What you need to do:
Output the listing exactly as written, apart from its pictures.

Data shown:

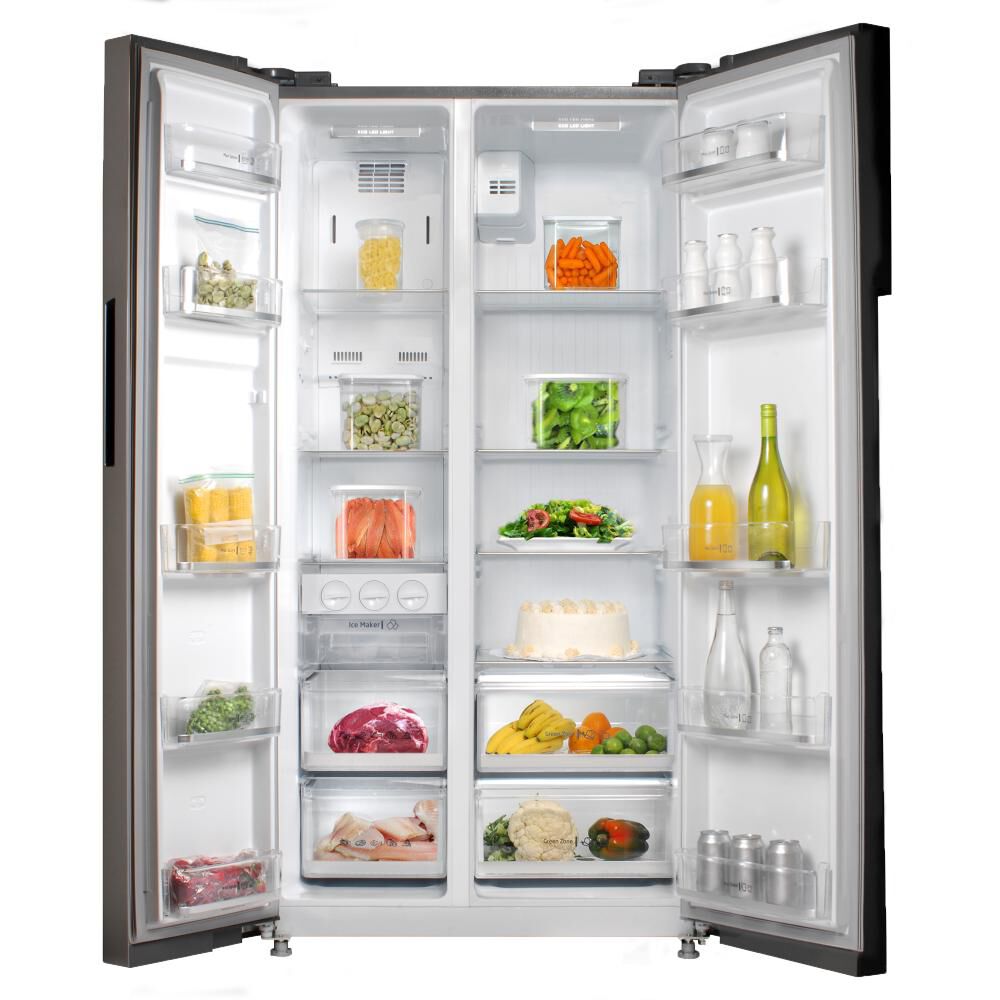 Refrigerador Side By Side Midea MRSBS-5300G / No Frost / 527 Litros / A+ image number 3.0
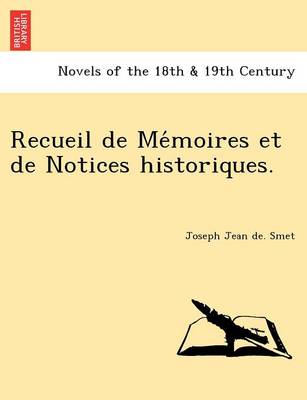 Book cover for Recueil de Me Moires Et de Notices Historiques.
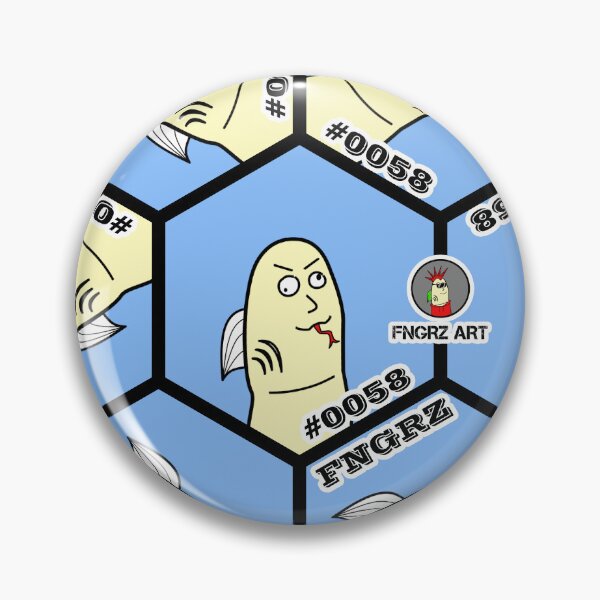 Item preview, FNGRZ - #0058 -  cartoon finger art artwork collection designed and sold by PCMUnlimited.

Expected answer:
 Refrigerador Side By Side Midea MRSBS-5300G / No Frost / 527 Litros / A+ image number 3.0
 Book cover for Recueil de Me Moires Et de Notices Historiques.
 Item preview, FNGRZ - #0058 -  cartoon finger art artwork collection designed and sold by PCMUnlimited.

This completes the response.